I know this is a year late reply but he does use separation of variables. First thing he does. He then does partial fraction decomposition to help find the anti derivative on the LHS of the equation.
pretty much he linearized the whole integral that was created by using partial fractions and broke that big integral up into two smaller ones like this: 1/n + (1/k)/(1-n/k)dn/dt = r Is the same as ↳ ∫1/n +(1/k)/(1-n/k)dn = ∫r dt
Well at 6:33, I didnt use the partial fraction like you, I used 1/(K-N) instead of using (1/K)/(1-(N/K)). Here is the problem ; mathematically they are exatly the same, but I got different answer, my calculations are right just like yours. Aren't they same expressions, if not, can you tell me why not? I found the equation as follows : N(t)=((KN.)/(e^(-rt)K+N.)) yours is N(t)=((KN.)/((K-N.)e^(-rt)+N.)) only different thing between our functions is you have coefficent (K-N.) to e^(-rt), mine has a coefficient K
Connor Mooneyhan he wasn't. He was just showing you that you CAN take antiderivatevs with respect to t as well because T is a dependent variable of N. He showed you both options.

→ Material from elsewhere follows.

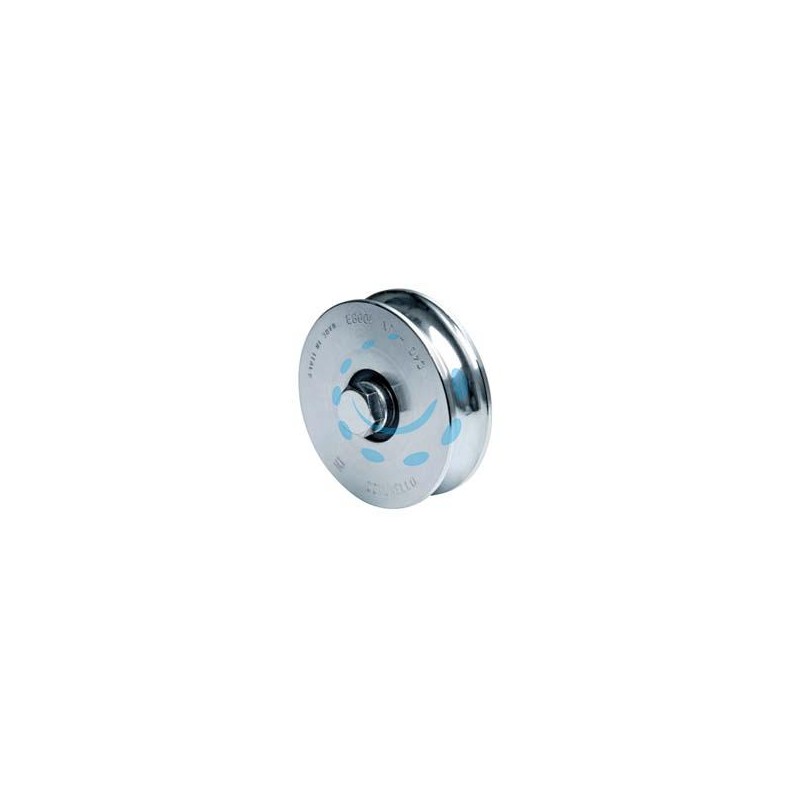 RUOTA CANCELLI GOLA SEMITONDA ART.315 - mm.120x28, M14x70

Great video. Just have one question: why don't you use separation way just like what you did in the previous videos? Thanks.
I know this is a year late reply but he does use separation of variables. First thing he does. He then does partial fraction decomposition to help find the anti derivative on the LHS of the equation.
was completely with you until 7.20m havent a clue after that!
pretty much he linearized the whole integral that was created by using partial fractions and broke that big integral up into two smaller ones like this: 1/n + (1/k)/(1-n/k)dn/dt = r
Is the same as ↳ ∫1/n +(1/k)/(1-n/k)dn = ∫r dt
@@marioleon4128 I did help! even though this is two years later haha
Holy cow this is loooong and complicated.
if we regulate 1/(1-N/K) as K/(K-N) then we can see K/N(K-N) = 1/N - (-1)/(K-N). And the solution will be easier.
Yeah. The problem can be solved way faster this way.
helal meltem as bayrakları
11:21 I think you’re missing 1/k in front of the second ln.
11:15 The integral of (-1/k)/(1-n/k) with respect to n is 1/k * Ln(1-n/k), note the 1/k coefficient. Why does yours not have a coefficient?
The integral of (-1/k)/(1-n/k) IS -ln(1-n/k). If you use u = 1-n/k you should get integral of - du/u = - lnu
I was just about to say. He’s missing it.
@@athenovae I have since realised that what I said is wrong. the 1/(1-n/k) produces a factor of k at the front. This cancels the -1/k.
Thanks, it helps me lot.
Thank you!
Geat job how you did this partial fractions expansion.
Hans Peter Roth
yep. I had completely forgotten that was a thing
thank you once again sir....sorry I haven't said that in a while.
Is separable equation with an implicit or explicit solution not applicable in this situation??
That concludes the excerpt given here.